- _WHAT IS BEING ASKED_:
Transcribe the records below exactly, from their first line through the line containing "アンティーク ガラスシェードフリルランプ イギリス". Omit every line after it.

Records from a data collection:
* * * * *

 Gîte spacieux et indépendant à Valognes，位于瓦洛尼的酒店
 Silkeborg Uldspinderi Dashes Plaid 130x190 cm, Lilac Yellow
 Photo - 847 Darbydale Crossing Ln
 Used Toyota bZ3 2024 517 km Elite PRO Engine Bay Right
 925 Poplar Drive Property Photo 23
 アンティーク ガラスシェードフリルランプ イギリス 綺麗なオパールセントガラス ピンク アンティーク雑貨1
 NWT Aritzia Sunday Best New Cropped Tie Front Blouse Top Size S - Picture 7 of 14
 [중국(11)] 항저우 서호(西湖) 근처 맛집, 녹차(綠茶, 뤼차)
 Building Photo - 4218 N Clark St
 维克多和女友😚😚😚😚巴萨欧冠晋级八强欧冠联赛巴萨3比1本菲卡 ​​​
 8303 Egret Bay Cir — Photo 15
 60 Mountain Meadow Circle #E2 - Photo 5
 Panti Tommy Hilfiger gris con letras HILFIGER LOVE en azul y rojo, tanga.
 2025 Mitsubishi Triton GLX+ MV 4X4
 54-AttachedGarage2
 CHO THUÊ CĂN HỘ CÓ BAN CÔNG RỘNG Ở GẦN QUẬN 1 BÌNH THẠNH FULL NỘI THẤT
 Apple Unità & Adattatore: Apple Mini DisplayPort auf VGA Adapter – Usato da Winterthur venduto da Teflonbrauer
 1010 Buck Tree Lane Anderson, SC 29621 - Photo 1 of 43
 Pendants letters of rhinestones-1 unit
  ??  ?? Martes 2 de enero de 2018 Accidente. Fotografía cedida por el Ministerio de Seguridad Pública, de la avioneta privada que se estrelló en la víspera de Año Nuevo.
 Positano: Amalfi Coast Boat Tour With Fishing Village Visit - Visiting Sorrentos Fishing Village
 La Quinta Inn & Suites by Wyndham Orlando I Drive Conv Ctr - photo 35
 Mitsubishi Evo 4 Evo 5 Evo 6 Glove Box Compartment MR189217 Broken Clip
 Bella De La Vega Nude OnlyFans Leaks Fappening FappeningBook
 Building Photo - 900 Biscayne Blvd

* * * * *

- _FINISHED EXERCISE_:
 Gîte spacieux et indépendant à Valognes，位于瓦洛尼的酒店
 Silkeborg Uldspinderi Dashes Plaid 130x190 cm, Lilac Yellow
 Photo - 847 Darbydale Crossing Ln
 Used Toyota bZ3 2024 517 km Elite PRO Engine Bay Right
 925 Poplar Drive Property Photo 23
 アンティーク ガラスシェードフリルランプ イギリス 綺麗なオパールセントガラス ピンク アンティーク雑貨1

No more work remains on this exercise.